_What to produce_.
Nothing but an exact copy is asked for: the lines in the material below from the one with "Kozyard Outdoor Rocking" through the one with "LGM X Goshen", pictures excluded.

_Supplied entries_.

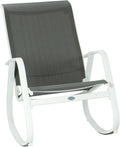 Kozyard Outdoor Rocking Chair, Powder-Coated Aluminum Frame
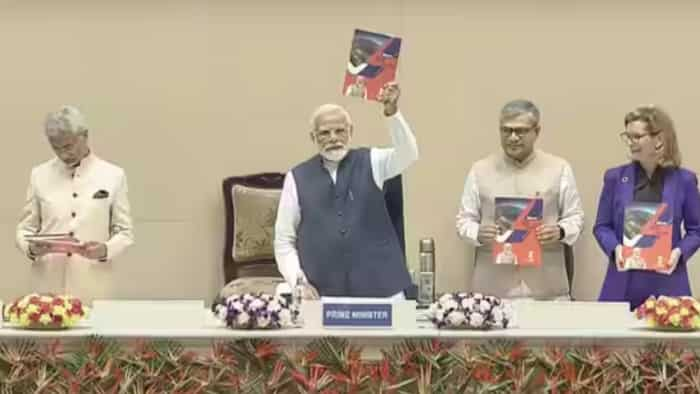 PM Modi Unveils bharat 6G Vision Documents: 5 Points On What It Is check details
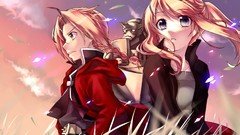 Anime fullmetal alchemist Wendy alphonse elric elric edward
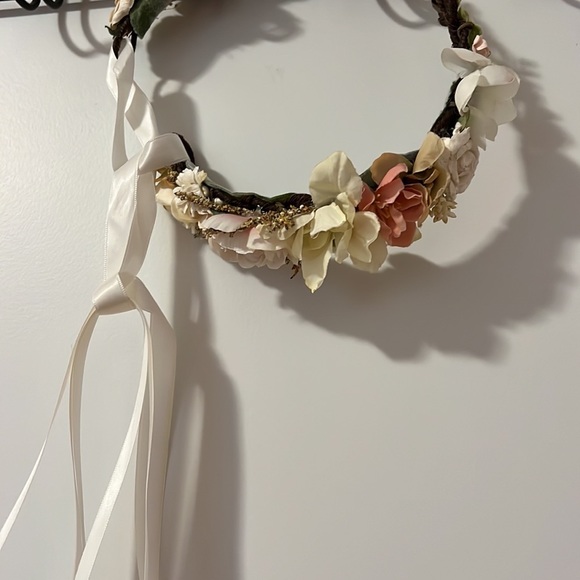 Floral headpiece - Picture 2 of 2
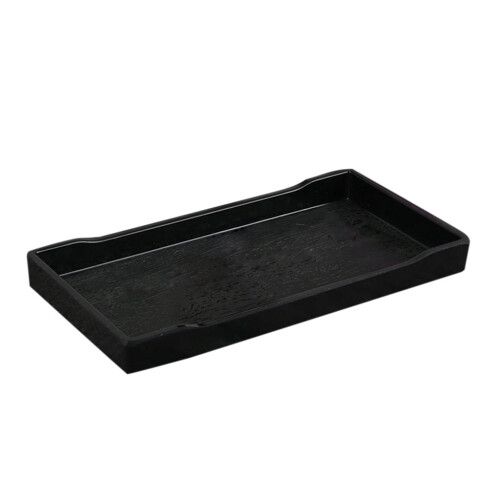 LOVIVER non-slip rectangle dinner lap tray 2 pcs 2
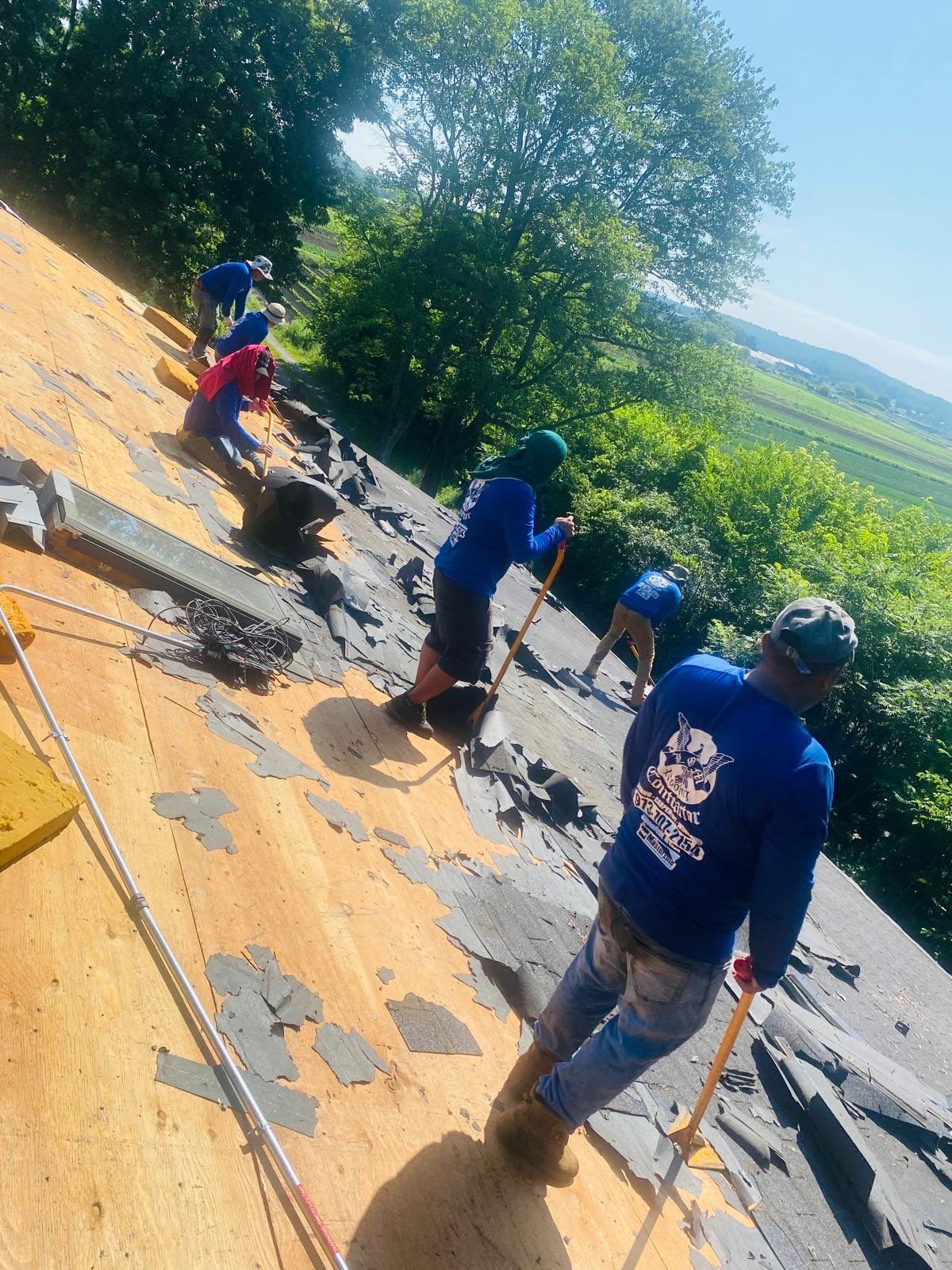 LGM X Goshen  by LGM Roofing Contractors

==

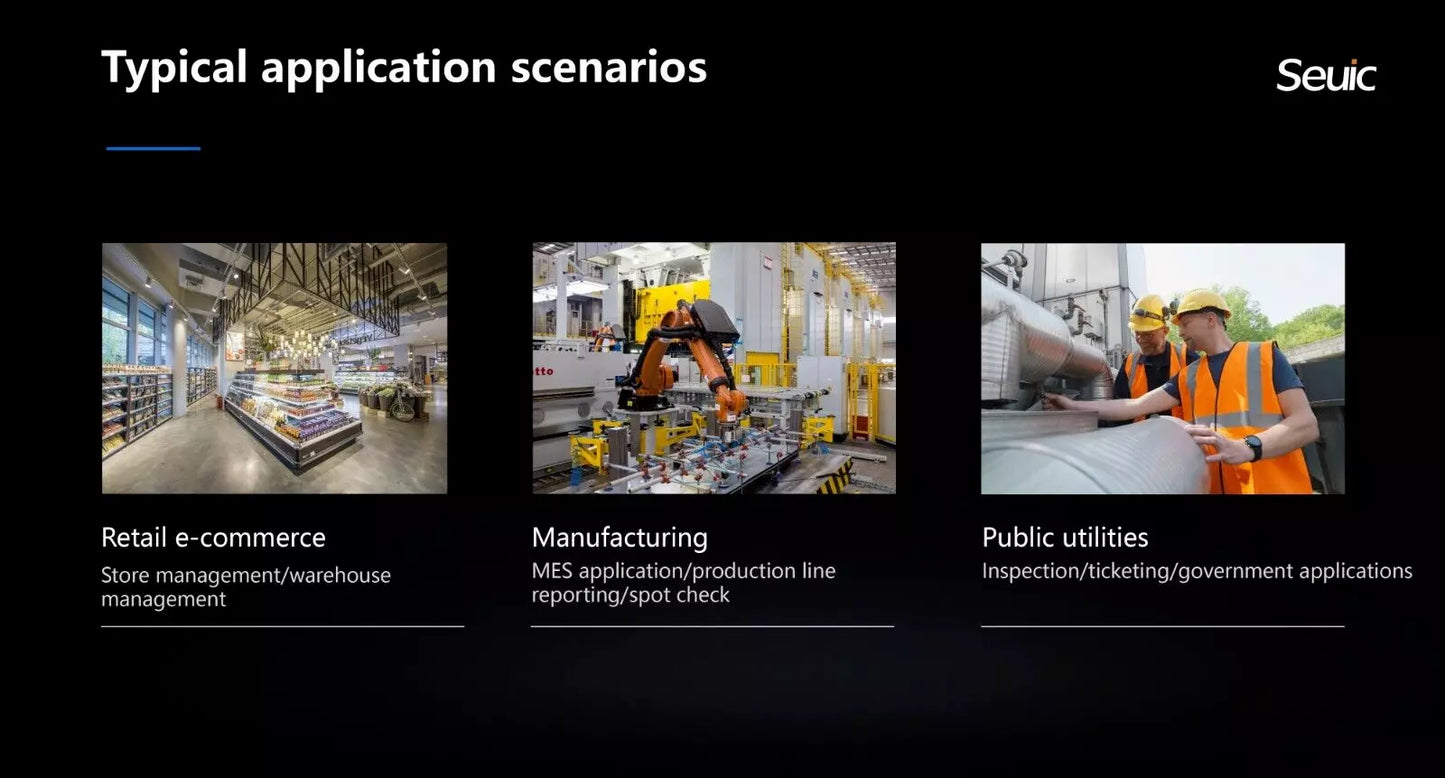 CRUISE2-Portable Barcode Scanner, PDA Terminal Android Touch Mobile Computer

_Answer section_.
 Kozyard Outdoor Rocking Chair, Powder-Coated Aluminum Frame
 PM Modi Unveils bharat 6G Vision Documents: 5 Points On What It Is check details
 Anime fullmetal alchemist Wendy alphonse elric elric edward
 Floral headpiece - Picture 2 of 2
 LOVIVER non-slip rectangle dinner lap tray 2 pcs 2
 LGM X Goshen  by LGM Roofing Contractors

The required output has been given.